Damit weder das Fahrzeug geplündert, in Brand gesteckt oder die Kollegen angegriffen werden, blieb dem Wehrchef nicht mehr übrig als „Gib Gas“ zu rufen. „Ich weiß nicht, was passiert wäre, wenn wir vorher ausgestiegen wären, um die Lage zu checken, was bei Einsätzen eigentlich üblich ist.“
Beim Löschen behindert
Von Kollegen anderer Berliner Wachen weiß Lottig, dass Einsatzkräfte teilweise auch niedergeknüppelt wurden.
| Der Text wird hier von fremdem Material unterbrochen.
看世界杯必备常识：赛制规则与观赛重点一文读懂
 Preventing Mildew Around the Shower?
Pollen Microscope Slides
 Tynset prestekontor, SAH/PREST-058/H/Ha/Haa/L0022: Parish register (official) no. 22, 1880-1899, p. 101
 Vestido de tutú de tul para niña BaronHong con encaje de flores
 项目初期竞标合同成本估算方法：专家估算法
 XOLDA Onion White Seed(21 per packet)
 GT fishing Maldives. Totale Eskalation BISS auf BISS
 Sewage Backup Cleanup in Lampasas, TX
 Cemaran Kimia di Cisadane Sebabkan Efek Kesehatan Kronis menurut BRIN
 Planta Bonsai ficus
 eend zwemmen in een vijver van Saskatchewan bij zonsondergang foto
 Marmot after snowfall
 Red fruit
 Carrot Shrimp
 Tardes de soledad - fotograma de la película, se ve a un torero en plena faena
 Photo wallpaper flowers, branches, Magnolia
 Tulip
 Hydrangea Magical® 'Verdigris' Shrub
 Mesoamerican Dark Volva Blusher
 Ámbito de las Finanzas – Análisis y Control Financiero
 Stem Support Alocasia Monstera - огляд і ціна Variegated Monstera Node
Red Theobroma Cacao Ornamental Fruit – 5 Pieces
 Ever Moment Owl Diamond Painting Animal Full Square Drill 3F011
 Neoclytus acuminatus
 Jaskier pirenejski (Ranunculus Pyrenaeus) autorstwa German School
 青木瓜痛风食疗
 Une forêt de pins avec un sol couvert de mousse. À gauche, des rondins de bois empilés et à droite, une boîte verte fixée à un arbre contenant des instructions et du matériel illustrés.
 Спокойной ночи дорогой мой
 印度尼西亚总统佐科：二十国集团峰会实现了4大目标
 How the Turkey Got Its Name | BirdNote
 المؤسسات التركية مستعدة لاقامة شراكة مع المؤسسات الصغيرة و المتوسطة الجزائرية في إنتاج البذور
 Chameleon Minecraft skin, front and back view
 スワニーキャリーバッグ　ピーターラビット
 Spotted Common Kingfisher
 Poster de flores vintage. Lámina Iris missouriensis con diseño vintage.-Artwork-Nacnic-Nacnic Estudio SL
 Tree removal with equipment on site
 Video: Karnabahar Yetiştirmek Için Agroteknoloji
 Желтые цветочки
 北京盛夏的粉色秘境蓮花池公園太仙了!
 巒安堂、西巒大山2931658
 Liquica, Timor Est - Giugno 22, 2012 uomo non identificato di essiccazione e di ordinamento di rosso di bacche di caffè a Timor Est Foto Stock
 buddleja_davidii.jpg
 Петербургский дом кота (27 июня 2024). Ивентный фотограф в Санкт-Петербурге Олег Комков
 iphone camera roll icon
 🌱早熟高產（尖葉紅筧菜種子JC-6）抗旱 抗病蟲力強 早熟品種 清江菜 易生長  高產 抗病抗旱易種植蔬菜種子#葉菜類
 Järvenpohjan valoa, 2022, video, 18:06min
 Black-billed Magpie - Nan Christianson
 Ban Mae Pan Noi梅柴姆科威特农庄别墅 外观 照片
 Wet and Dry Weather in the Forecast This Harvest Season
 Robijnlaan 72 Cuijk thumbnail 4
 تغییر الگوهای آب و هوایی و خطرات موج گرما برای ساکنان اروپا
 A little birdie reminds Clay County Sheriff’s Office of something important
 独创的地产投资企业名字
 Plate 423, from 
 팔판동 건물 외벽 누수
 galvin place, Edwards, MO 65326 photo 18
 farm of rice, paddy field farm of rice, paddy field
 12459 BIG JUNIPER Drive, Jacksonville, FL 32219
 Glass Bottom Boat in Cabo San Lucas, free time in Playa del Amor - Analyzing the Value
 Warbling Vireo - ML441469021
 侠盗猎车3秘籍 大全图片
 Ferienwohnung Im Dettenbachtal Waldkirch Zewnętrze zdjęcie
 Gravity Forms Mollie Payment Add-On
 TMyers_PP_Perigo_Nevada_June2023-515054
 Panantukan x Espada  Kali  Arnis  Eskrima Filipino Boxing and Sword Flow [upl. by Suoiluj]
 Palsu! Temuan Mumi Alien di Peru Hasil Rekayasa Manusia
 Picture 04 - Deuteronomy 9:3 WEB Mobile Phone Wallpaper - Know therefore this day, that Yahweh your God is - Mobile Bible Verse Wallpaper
Das habe auch dazu geführt, dass einige Mannschaften nur noch unter Polizeischutz – der in der Silvesternacht kaum mehr zu leisten war – zu Einsätzen in den Krawall-Hotspots wie Neukölln, Kreuzberg und Lichtenrade ausrücken wollten.
Anderswo seien Kollegen in der Arbeit behindert worden. „In Mariendorf haben Täter bei den Kollegen, die gerade einen großflächigen Kellerbrand löschten, die Schläuche zugedreht und die Hydranten abgekoppelt.“
Organisierte Feuerwerke und Jugendclub-Partys
Damit sich der Ausnahmezustand im Ausnahmezustand nicht wiederholt, berät sich die Berliner Feuerwehr derzeit mit Polizei, Ordnungs- und Jugendämtern. „Es geht darum, wie man sich zum kommenden Jahreswechsel neu aufstellen will, um eine Wiederholung zu verhindern“, sagt Feuerwehrsprecher Thomas Kirstein. Ein Konzept werde wohl allerdings erst im Herbst der Öffentlichkeit präsentiert.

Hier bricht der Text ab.